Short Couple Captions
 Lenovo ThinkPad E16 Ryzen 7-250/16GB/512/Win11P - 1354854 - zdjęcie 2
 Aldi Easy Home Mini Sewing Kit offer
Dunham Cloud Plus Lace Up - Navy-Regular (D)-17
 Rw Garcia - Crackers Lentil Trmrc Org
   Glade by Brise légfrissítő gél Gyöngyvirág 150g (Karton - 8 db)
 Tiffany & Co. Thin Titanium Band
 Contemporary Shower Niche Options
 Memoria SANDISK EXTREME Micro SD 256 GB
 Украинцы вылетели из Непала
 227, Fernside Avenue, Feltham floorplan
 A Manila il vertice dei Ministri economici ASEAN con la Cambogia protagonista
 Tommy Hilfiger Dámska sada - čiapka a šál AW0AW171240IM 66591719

· · · ·

▶ [ACTIVITY] Copy the lines from the one with "A Manila il" through the last line of the material above, exactly as they are and with no others.

▶ [FINISHED TASK]
 A Manila il vertice dei Ministri economici ASEAN con la Cambogia protagonista
 Tommy Hilfiger Dámska sada - čiapka a šál AW0AW171240IM 66591719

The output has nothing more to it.